On the left, we have Granny Jones herself, walking away from the centre of the card with a raised red Sword in her hand, looking over her shoulder with a scowl. On the right we have a young, blonde man also with a red Sword - a smaller one - also walking away from the centre of the card and casting a glance back, but looking worried or fearful, not angry.

Granny is accompanied by a cat, its back arched in anger. He is accompanied by a dog, slinking away in fear with its tail held low. In the background on the left, Granny's side, is a leafy tree. On the background on his side, the three snow-capped Mountains of Difficulty, in the shorthand of this deck. Between the two humans on the ground are two crossed white flags of surrender, waiting for one of them to reach down and pick one up.

With its title and its two crossed flags, this is truly the card of two individuals who are at an impasse, who have "crossed swords with each other" as the cliche goes. If we view it literally, we see the aftermath of two people who have been unable to resolve a difficulty - as this card has indicated in many readings over the years - and who are about to stop playing nice, and escalate it to the next level, a level of verbal violence that the card symbolises with physical violence.

When this card comes up in a reading, I tend to counsel the client that now is way past the time of suppressing their thoughts and feelings - if they do so, there will be hell to pay. Now is the time of putting down the sword of their anger (or fear), grasping the flag of truce, and getting the other person to talk to them, to listen to how they feel in the situation, and express their own views. A compromise is still possible before the situation escalates to open hostility, but someone has to take the first step, even if it means seeming to lose ground.

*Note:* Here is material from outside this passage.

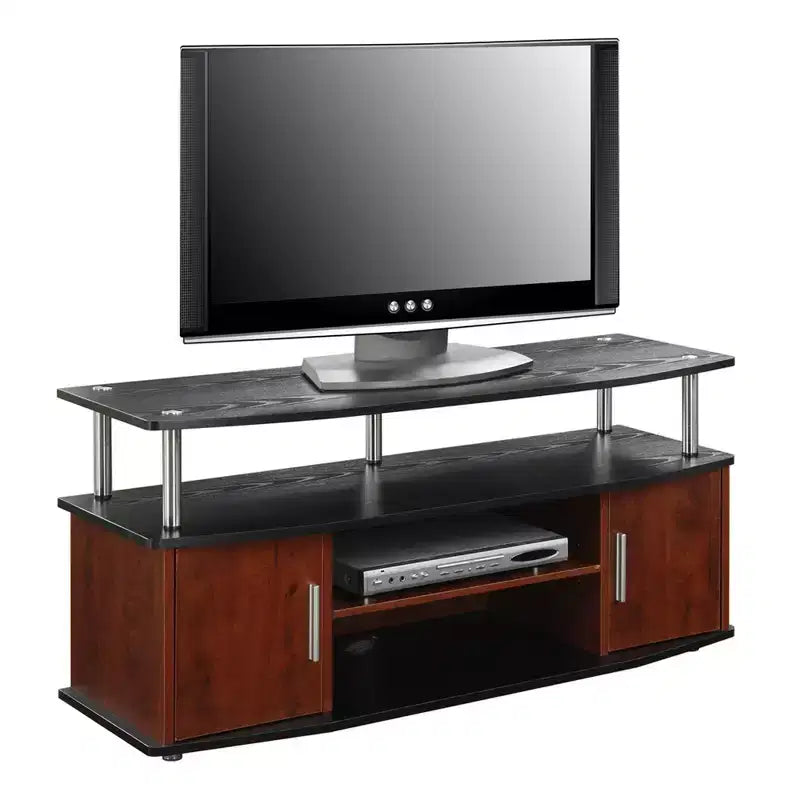 Breighton Home Catalina Entertainment Center with Storage Cabinets and Multiple Shelves TV Stand for TVs up to 60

I often ask them, too, how they are actually feeling in that situation or about that other person. Do they feel outraged about the original matter (not the other person), or do they feel a little bit anxious? Which side of the card do they see themselves on? If they are anxious, given the mountains on that side of the card, they might be setting themselves up for a fall, their moral stance might be a little bit weak, they may have to rethink their position anyway.

If they are just determined and perhaps angry they might well be on the side of "right" and "victory" (the leafy tree), but the other character in the card is far more important than a background detail. Can they really afford to lose a friendship or spoil a family relationship just because they are right? To people in both positions, I'd suggest putting down that red Sword, and picking up that nice, peaceful flag, and opening a dialogue. The rewards are well worth the initial appearance of weakness.

Often, though, the card is not about an external situation or an interaction with others. What if this whole stand-off is happening within yourself, about a course of action or deeply embedded in your emotional life? What then?

When people feel the energy of this card at a circumstantial crossroads in their life, I get them to speculate about the different directions they can go. Which one makes them feel most weak and fearful? Simple - take the other road.

When people are not facing a decision, then I read this card as them being at war with themselves. People are unique and individual - there are millions, perhaps billions of different ways people can hate themselves (the left side of the card) or doubt themselves (the right side of the card). The only think such people will have in common with each other is that on a deeper level they will be unhappy no matter how much superficial joy there is in their lives, and they will be uncomfortable in their own skin.

I actually read it fairly similarly. They need to find the inner parts of their life where they have substantial self-doubt, and heal themselves, They have to find parts of their inner world where they have substantial self-loathing, say goodbye to the past, and move on into the future having learnt from their past mistakes what not to continue doing in their lives.

It is always possible to find harmony with others - but someone has to be brave enough to grasp the nettle first. It is always possible to find inner harmony - though sometimes it is very difficult - and again, it is a matter of being brave enough to confront yourself, find what needs to be resolved, and do the necessary work.

The first, last and main thing this card tells me, is that it is time to make peace right now.